The newspaper feature I wrote following my trip wasn’t a glowing, fib-filled whitewash, and my visit made it easier to write one of the pieces I’m most proud of. Several years after I visited North Korea, I met and interviewed human rights campaigner Shin Dong-hyuk, a defector who escaped the North Korean prison camp he was born in.
My point is that rather than simply boycotting certain places, it’s more important that travellers use their power in the right way.
I’d been to Sri Lanka several times before I found out how many hotels and resorts were run by the military. I can’t stop people visiting the country – nor would I want to – but I can attempt to raise awareness, and tell friends who are planning a visit about the military’s ties to the hospitality industry, and encourage them to choose accommodation carefully.
My advice? Take time to do your research, online and off. Don’t restrict your research to the tourist board’s website – check out websites such as greenglobe.com.
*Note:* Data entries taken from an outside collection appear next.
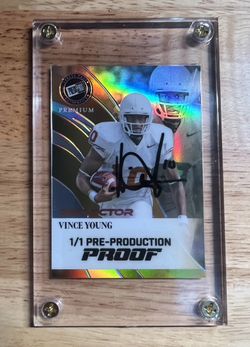 Vince Young 1/1 Autograph Card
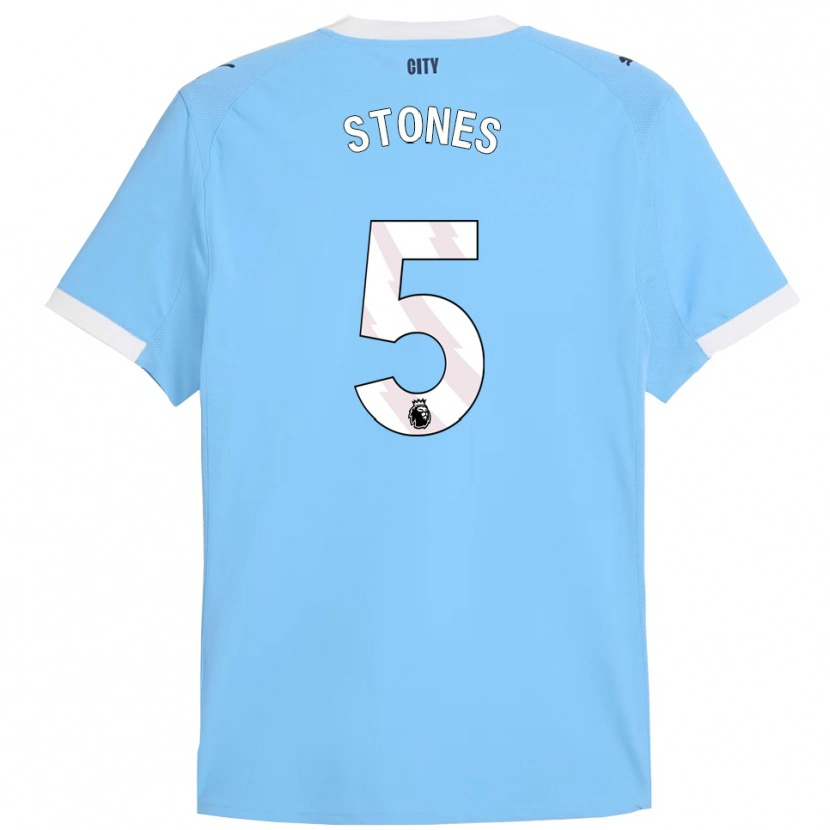 Danxen Dame John Stones #5 Himmelsblå Hvit Hjemmetrøye Drakt Trøye 2025/26 Skjorter T-Skjorte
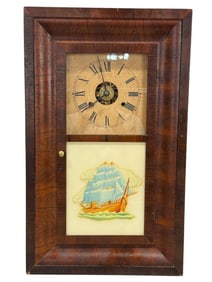 Antique American Mahogany Seth Thomas Wall Clock
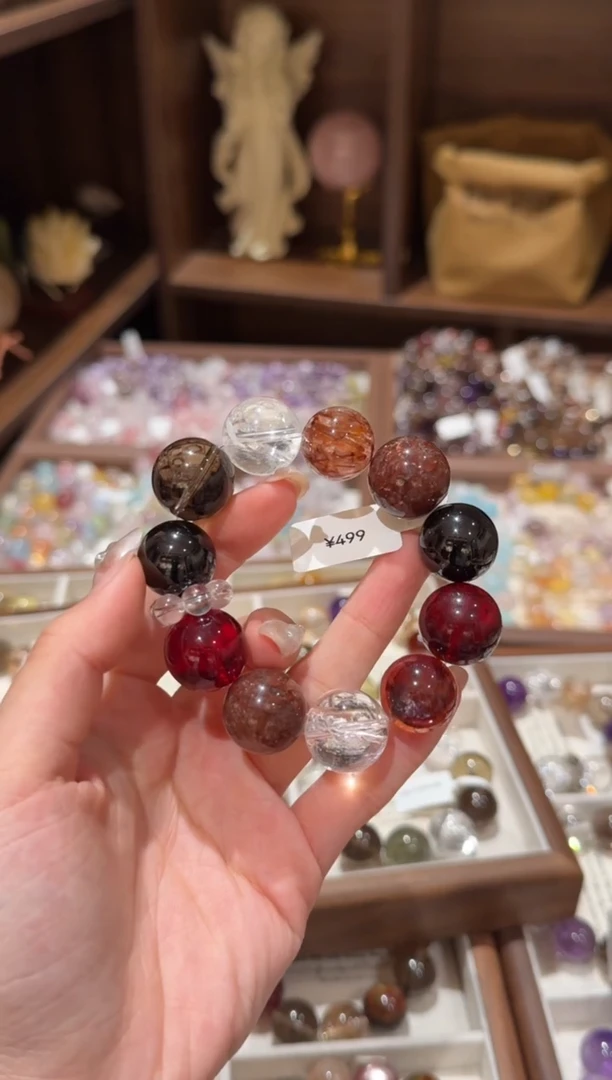 未镶嵌手串水晶）拍5单发一串 拍1单发单珠 多样性发货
The Green Globe International Standard for Sustainable Tourism, an affiliate member of the UN World Tourism Organisation, covers not just environmental issues but social and cultural ones. And dust off that dog-eared travel guide – printed travel guides usually have sections dedicated to the right and wrong way to explore destinations. It’s also worth trawling some travel blogs – not ones written by people on the tourist board’s payroll, but by travellers who’ve explored the destination independently and extensively.
People want to see Princess Latifa is ‘alive and well’, says Dominic Raab
In 2019, Saudi Arabia launched its e-visa scheme for tourists. By early 2020, around 400,000 tourist visas had been approved. That’s a huge number of people, and perhaps by taking the time to think about where they stay, how they spend their money and how they explore the destination, these travellers can do more for the people suffering the most than a boycott ever could.